# Take Down Shotgun Carry Case



## nakinaw (Feb 23, 2009)

Hey there fellow lumberjocks. I have been searching and searching for plans or ideas on how to make a carry case for my takedown shotgun to no avail. Maybe someone knows where I can find some plans or offer ideas. Thanks guys. 
Steve


----------



## Waldschrat (Dec 29, 2008)

The best solution for something like this is to design your own. Start with the basics (and this may seem obvious, but it is helpful at least for me): for example it must be soXsoXso bíg in size. It should not weigh more than X amount of Grams/kilos. It must be dust proof, but not water proof. It must have a carrying possibility… also, a handle or some sort of grip. It must be cushioned…. so on and so on.

Then take a note book sketch roughly the shape and size (roughly to scale) and figure out the best form. Then as you make a couple of good possiblilties… then you have to think how are you going to build it…. so what kind of joints, solid wood or plywood with expensive veneer. Depending also what kind of shop setup you have, to you have a table shaper, table saw, or a router.

Then draft it all out 1:10 and the joints and difficult to understand sections of your piece, from a 1:10 drawing, in 1:1. Thats the best way to avoid unpleasant suprises.
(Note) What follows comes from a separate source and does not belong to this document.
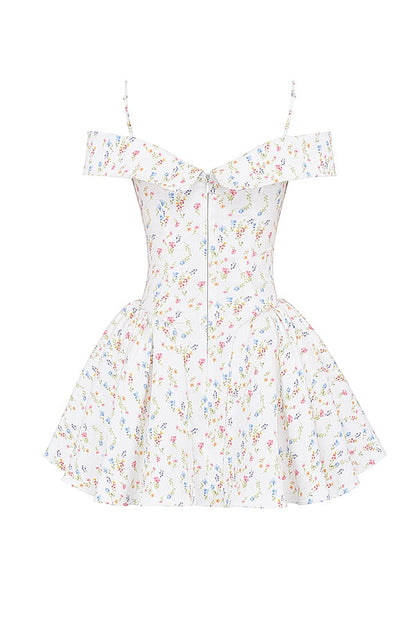 white posy print corset mini dress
That is the way, my master taught me to design pieces. It works well, and you come out with mostly a personalized, unique piece when finished.


----------



## CharlieM1958 (Nov 7, 2006)

Nicholas gave some good advice.

Another thing to consider: My personal opinion is that a wooden case large enough and sturdy enough for a shotgun is going to be kind of heavy. If you are doing it mostly for show, that's great. But if you really plan to carry it around very much, I'd think twice.


----------



## North40 (Oct 17, 2007)

There are plans around for wooden breifcases. You might be able to start with a briefcase plan and adjust the dimensions for the shotgun.


----------



## nakinaw (Feb 23, 2009)

I have a breakdown shotgun. I think the case would be small enough, and as for light enough, I am thinking of using like a nice 1/2 inch plywood. Hopefully it wont be too heavy.


----------



## Waldschrat (Dec 29, 2008)

Charlie, have you been talking to my master again?

I really, really wanted to make a brief case out of wood, and he… well, lets just say my master was not pleased with the idea. He went on to list a number of things, but mostly emphazised the fact that it would be to heavy, and only really serve the purpose of representation-and not be very usefull on a day to day usage. i just had to type this comment because I heard it from my master once as well. The weight is something to consider, so probably light weight woods like cedar and then veneer over them… kind of old school but it looks good when done right and it is lighter than normal plywoods.

I am still in love with the idea, someday when he is not around…


----------



## CharlieM1958 (Nov 7, 2006)

Nicholas, I have often thought about making a briefcase as well. If you find a way to make it nice and liight, post your construction methods here and I will copy your ideas.


----------